Saturday, May 25, 2013

Blessed.

I feel like here lately (and in the beginning of my pregnancy) that I have really been getting down & complaining a lot. When you puke everyday for 15-16 weeks, can you really blame a person for complaining?? But in all honesty, I know that I (that David and I) are blessed beyond measure. The first go round with getting pregnant didn't work out the way we wanted it to, and I know there was a reason for that. When we found out we were expecting this time around, we didn't get our hopes up, we tried to stay grounded.. and when the morning sickness took over, I knew everything was going to work itself out--and it has.
Being able to carry a baby inside of me has been challenging, and rewarding. I have truly cherished watching the little babe move around in my stomach, being able to see the expression on Davids face when he felt her move for the first time. Seeing the look in Davids eyes when we found out it was a girl, will always be in my mind. What a wonderful opportunity and blessing to become a mother-I know that she isn't here yet, but just carrying this life inside of me makes me a mom--I think.
I don't know what the future holds, I don't know what she looks like, what she's going to act like, if she will be a healthy baby or a sick baby..but no matter what, she is mine to take care of on this earth, to love and to cherish--its almost like your wedding vows, but its more amazing than that. I don't have to build my love for her, because I already have it. I love her, its so odd, I have never felt this way before-- I feel sentimental all the time--these hormones are crazy ha! So needless to say, I am feeling very blessed each and every day to be able to hold this child in my womb, and I cannot wait for her to get here and I cannot wait to love her for all of my days.

Tuesday, May 21, 2013

36 Weeks, Measuring at 37

How Far Along: 36 Weeks, measuring a week ahead though

Total weight gain/loss: 25 lbs. I wish to NOT gain any more either! ha!

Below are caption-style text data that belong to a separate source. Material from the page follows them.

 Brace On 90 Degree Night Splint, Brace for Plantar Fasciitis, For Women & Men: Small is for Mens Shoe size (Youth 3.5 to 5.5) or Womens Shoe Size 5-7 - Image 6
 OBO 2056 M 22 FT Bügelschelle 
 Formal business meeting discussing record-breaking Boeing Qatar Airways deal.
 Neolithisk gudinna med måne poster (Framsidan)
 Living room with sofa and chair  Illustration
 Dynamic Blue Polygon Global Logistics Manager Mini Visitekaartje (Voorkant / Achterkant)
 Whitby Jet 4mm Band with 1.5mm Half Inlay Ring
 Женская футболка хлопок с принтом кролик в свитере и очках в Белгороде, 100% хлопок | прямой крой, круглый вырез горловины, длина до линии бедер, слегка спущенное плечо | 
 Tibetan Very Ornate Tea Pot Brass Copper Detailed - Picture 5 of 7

Stretch marks: so far so good- still just prominent looking veins for now, which I'm suprised about really- i figured I would get some stretch marks, and maybe I still will??

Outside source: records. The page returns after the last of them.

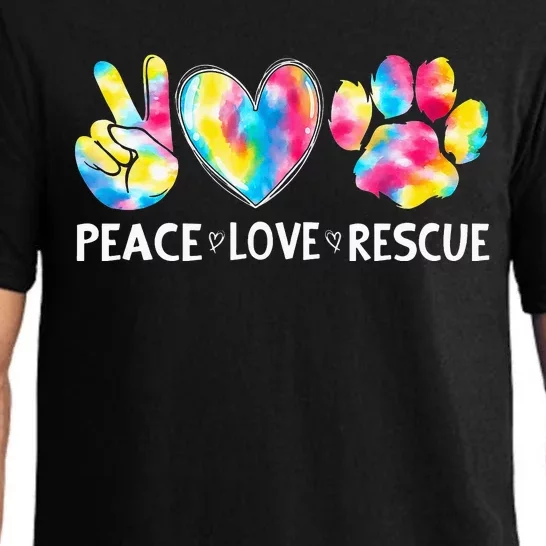 Peace Love Rescue Adopt Dog Cat Animals Funny Ie Dye Pajama Set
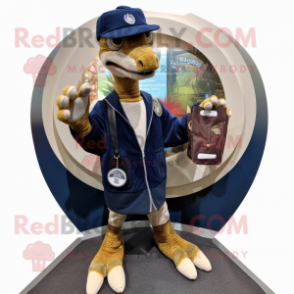 Navy Utahraptor mascot costume character dressed with a Long Sleeve Tee and Coin purses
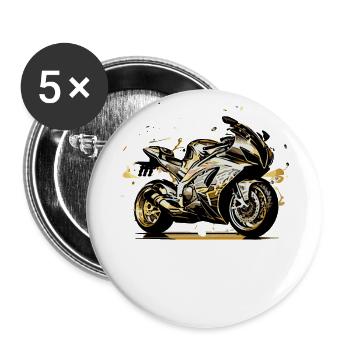 Super sporty sports tourer motorcycle - Buttons large 2.2''/56 mm (5-pack) - white - Front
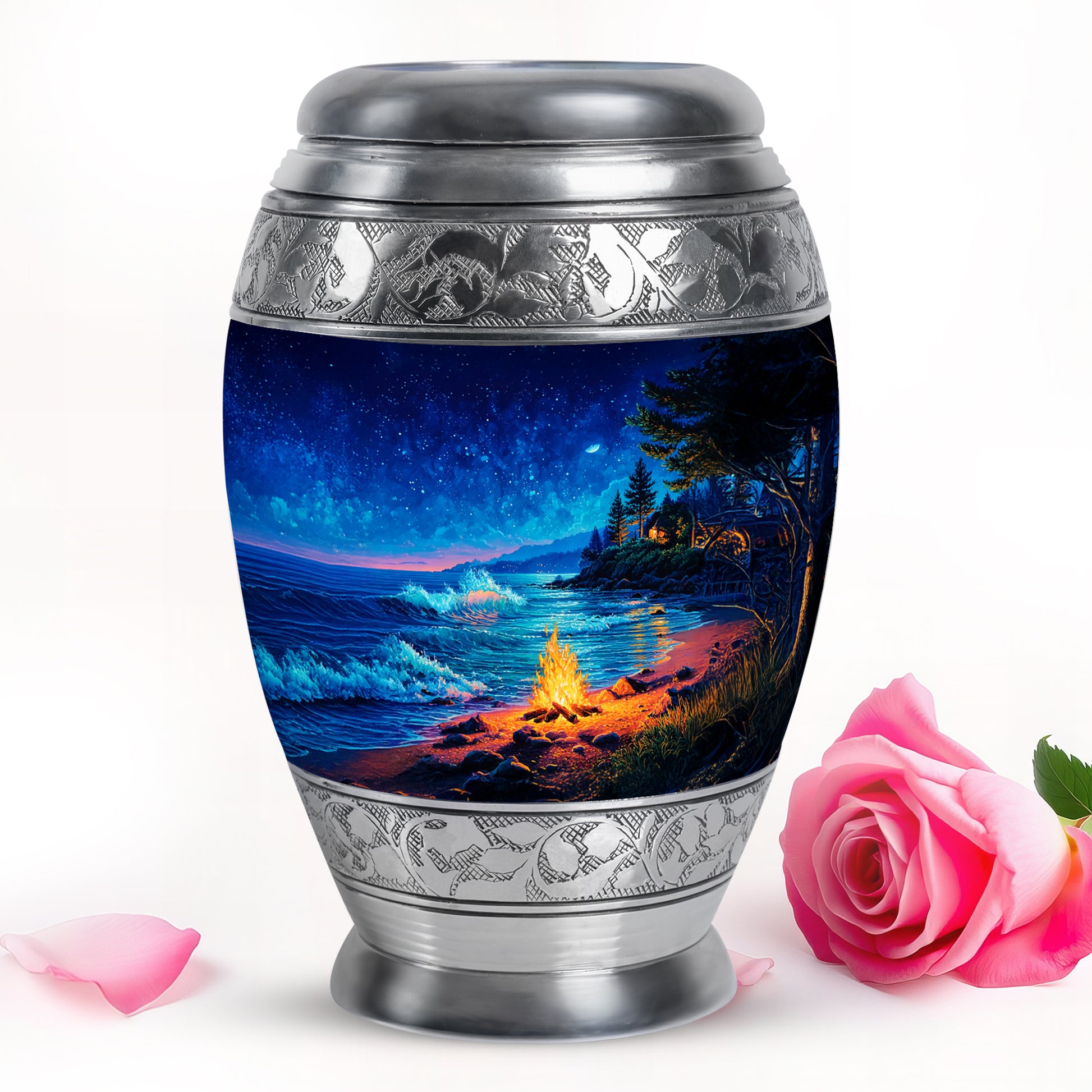 Personalized Blue Campfire Cremation Urns for Ashes - Majestic 10-inch - Karyliz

Sleep: just functioning day to day on what sleep I can get, which in total for each night is about 3-4 hours, 5 if I'm really lucky. At this point I need a drink about every hour, and then I have to get up and use the bathroom every other other- so its a load of fun - and then of course your supposed to sleep on your left side, but then my hips get all achy blah!

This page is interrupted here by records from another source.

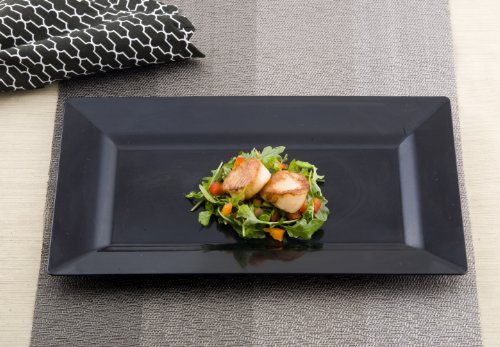 Premium 13.5 x 8.5 Inch Black Rectangle Dinner Plates - Set of 120 - Elegant Modern Tableware for Restaurants, Catering & Home Dining - Durable Porcelain Plates for Buffets, Parties & Everyday Use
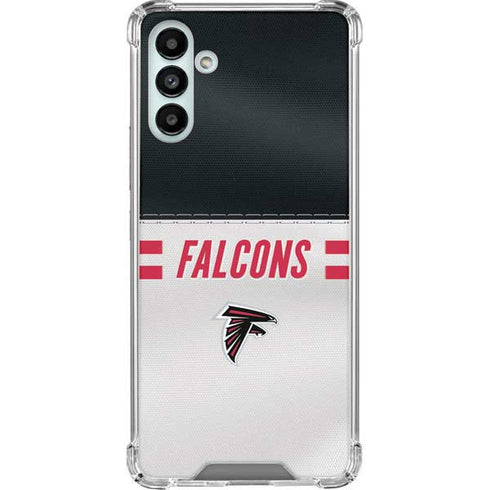 NFL Atlanta Falcons White Striped Galaxy A13 5G Clear Case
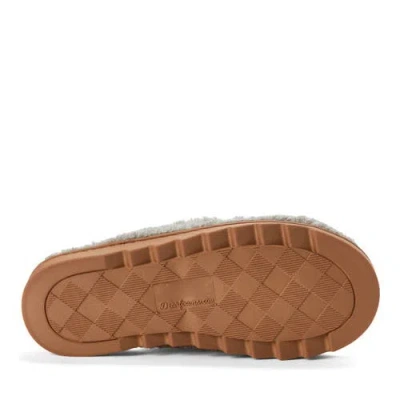 Dearfoams Regina Teddy Double Band Slide Slipper In Gray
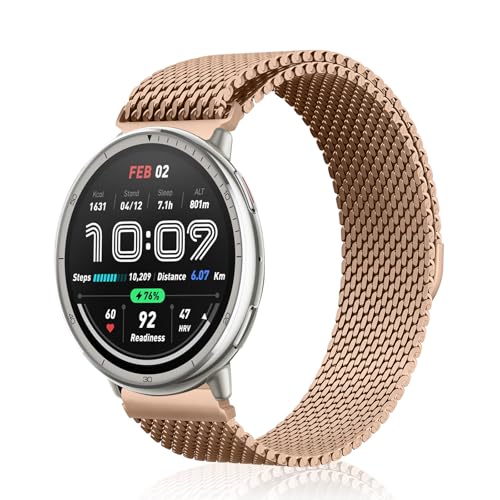 KiimLaa 20mm �o���h for Amazfit T-Rex 3 Pro 44mm/Active 2 Square/Amazfit GTS 4/4 Mini/GTS 3/2/2e/Amazfit Bip 3 Pro�Ή� �X�e�����X �����x���g �}�O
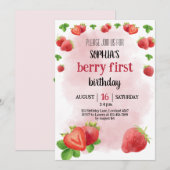Invitation Fraise 1er anniversaire fête Berry Sweet (Devant / Derrière)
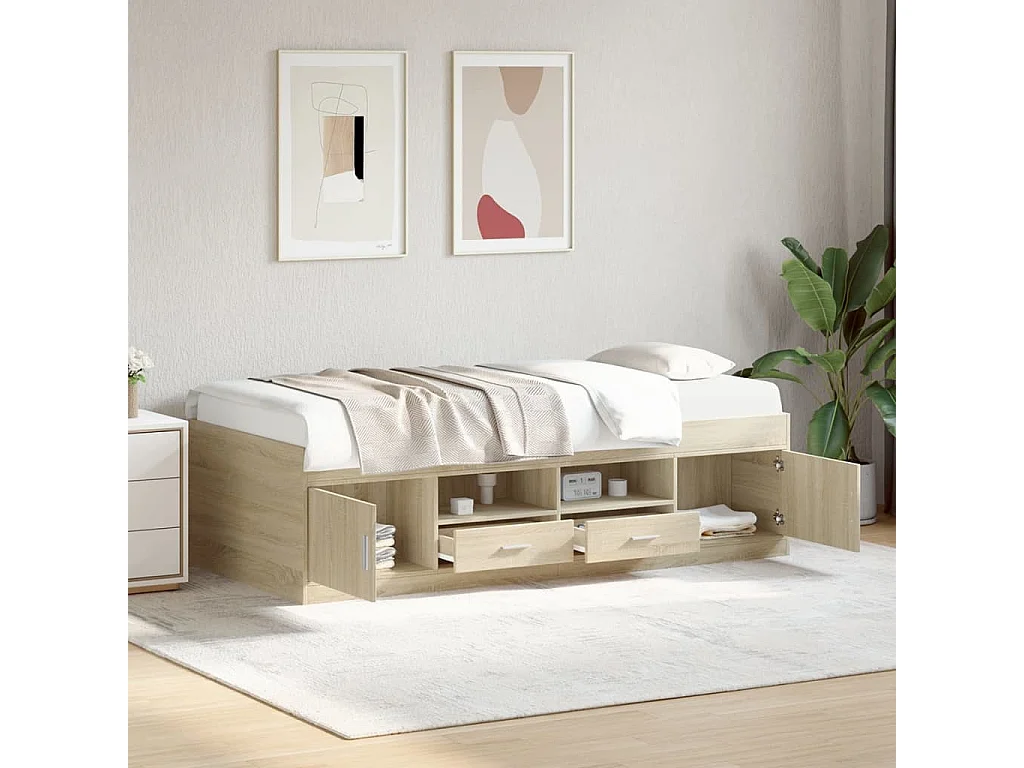 Sofá-cama com gavetas derivados de madeira carvalho sonoma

Best Moment: having my baby shower a few weeks ago, I was so suprised by all the gifts and everyone that came, it was wonderful!!

Movement: still lots of movement... I was hoping she would get in position by now and stop moving so much-- but thats not the case. hopefully she will make her downward descent VERY soon

Cravings: orange juice (but that's nothing new with me) I love grapes right now; I did have a craving for hot dogs--thats until I literally hurled all night long after eating one (no more hot dogs for me)

Aversions: hot dogs haha--see above! lol

Gender: Girl

Labor Signs: so I've heard the term lightening crotch, I think I'm having that here lately-just shooting pains and pressure down low, but it does go away pretty quick. At this point, I'm just getting nervous, wondering when and what is going to happen (will my body start labor naturally or will i have to be induced/c-section, ya know all those worries)

Belly Button: theres no belly button left, just as flat as my stomach.

What I miss most: good sleep, and unswollen feet... oh my feet are swollen bad!

Milestones/Looking Forward to: Going to get checked for dialation this week (the exam won't be fun, but I will get some good information hopefully) I am just ready for her to be here!